■ Task description ■
Your job is to print, exactly, the lines in the data below from the line with "Акумуляторна батарея ANENJI" through the line with "Wreckfest, a demolition racing game", both included, and to omit any picture.

■ Data under study ■
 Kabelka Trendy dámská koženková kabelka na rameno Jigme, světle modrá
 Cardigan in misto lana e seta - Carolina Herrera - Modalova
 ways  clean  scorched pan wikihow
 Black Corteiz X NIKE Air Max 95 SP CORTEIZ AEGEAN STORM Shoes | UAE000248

--

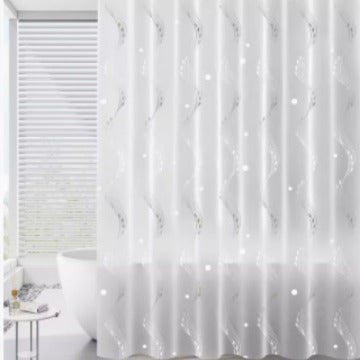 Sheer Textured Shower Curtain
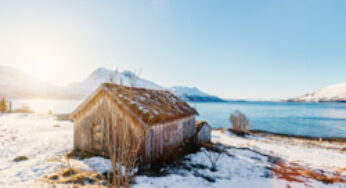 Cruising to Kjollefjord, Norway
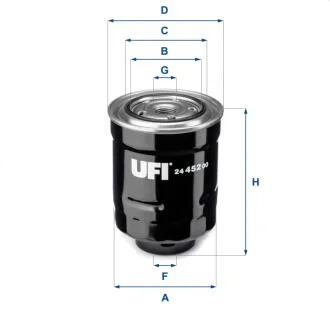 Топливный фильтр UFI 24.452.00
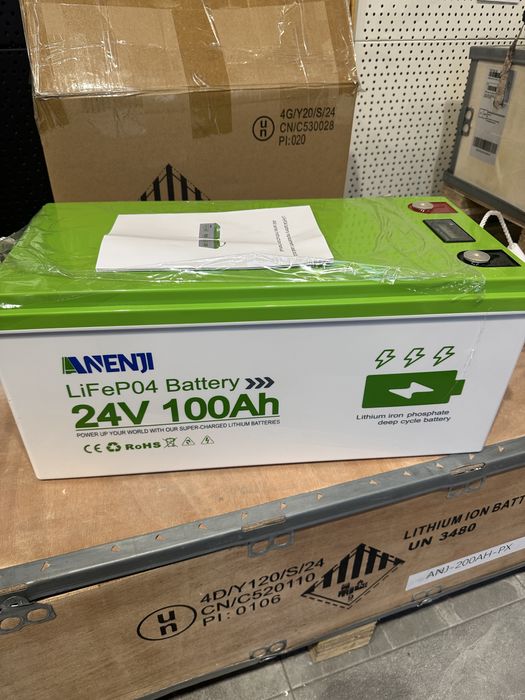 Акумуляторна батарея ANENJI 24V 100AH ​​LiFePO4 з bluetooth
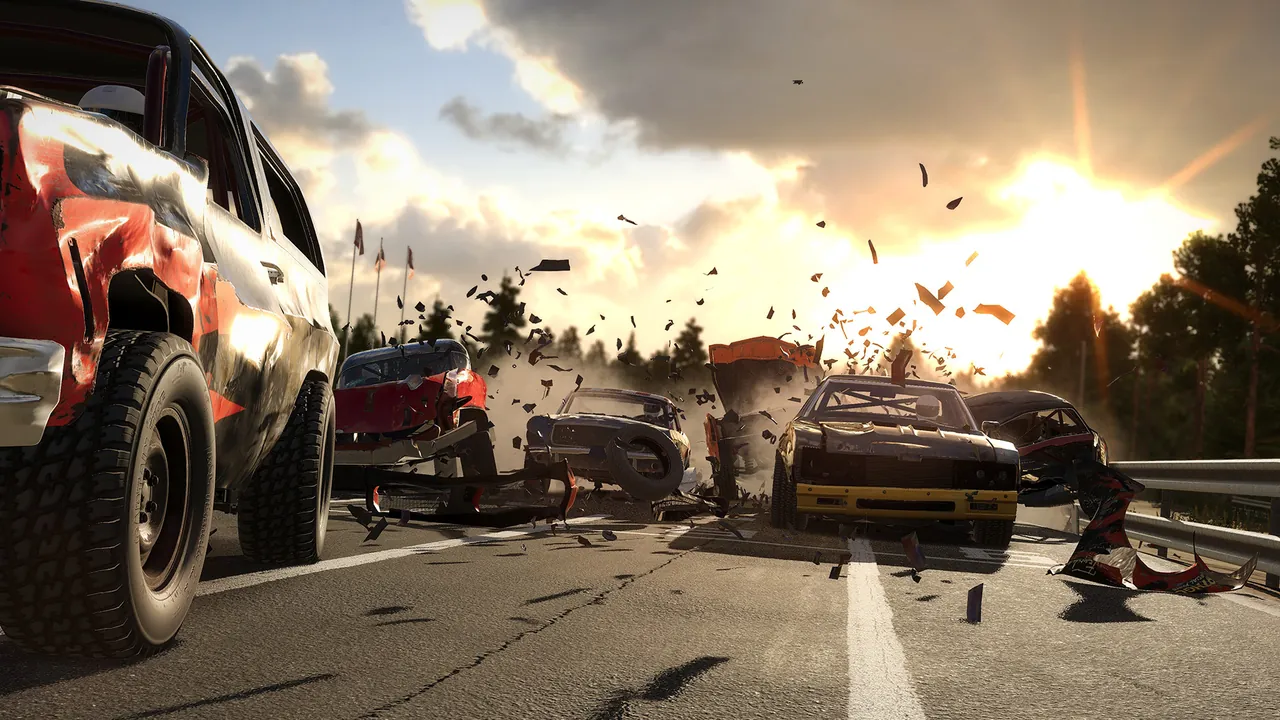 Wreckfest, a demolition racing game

■ Exercise answer ■
 Акумуляторна батарея ANENJI 24V 100AH ​​LiFePO4 з bluetooth
 Wreckfest, a demolition racing game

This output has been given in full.